We learned through this season to be thankful for sunrises and sunsets, for long wanders in the grassy fields near our home where I lived with my ever present mother-in-law. I was not smart enough to choose this for my family, but God in His wisdom, knew just what my children needed to build character, to teach them to be grateful for a simple life. He used our circumstances to train them!

Enabling children’s discontent and giving them idols of our own making by over-indulging them is common in our contemporary culture, but being spoiled and over-indulged creates a person who complains, whines and is weak in times of adversity.
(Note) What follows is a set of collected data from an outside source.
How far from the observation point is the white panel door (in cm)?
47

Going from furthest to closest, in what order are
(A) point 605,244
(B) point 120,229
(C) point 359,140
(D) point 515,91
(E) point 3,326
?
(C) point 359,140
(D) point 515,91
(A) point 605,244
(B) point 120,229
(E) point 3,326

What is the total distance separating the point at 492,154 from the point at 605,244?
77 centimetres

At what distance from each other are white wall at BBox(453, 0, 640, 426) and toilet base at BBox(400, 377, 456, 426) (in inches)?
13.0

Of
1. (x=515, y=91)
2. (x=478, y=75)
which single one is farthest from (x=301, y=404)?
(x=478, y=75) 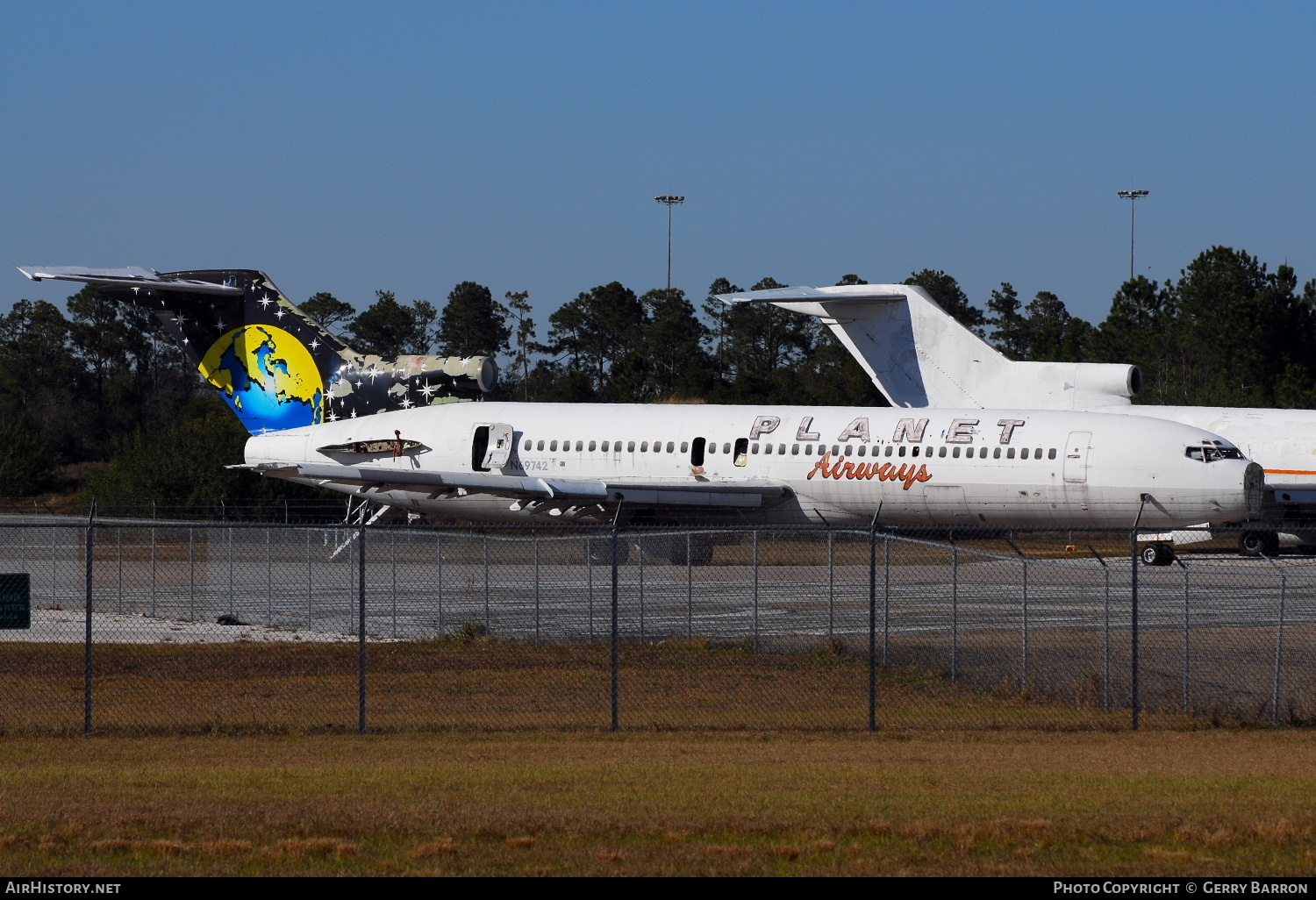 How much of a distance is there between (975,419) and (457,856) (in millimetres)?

Thankfulness is a habit of choosing to look for the blessings abundant in every day life.

Thankfulness requires us engaging in looking for ways we might worship God and then verbalizing our gratefulness.

Thankfulness comes from a heart that is willing to look for the fingerprints of God in simple moments. “I am not alone, thank you God. You are with me every day. I am thankful for the seasons, for being alive in your world, for knowing hope that takes me through this dark world, that I know truth that guides my every thought and decision every day.

Practice thankfulness outloud with your own children ever day. Don’t be a whiner. Give them the gift of looking for what matters. Don’t develop idols for yourself that will not fulfill, but be grateful for the life you have been given and your heart and your life will suddenly seem more full than you ever imagined.

This week, every day, notice the things that God has provided. Practice thanking Him for each way He has worked and blessed in your life. Have your children write thank you cards to friends of family for whom they are grateful. Breathing thankfulness into all the minutes of the days, creates a great pattern for life and helps you and your children to become more satisfied with what God has given.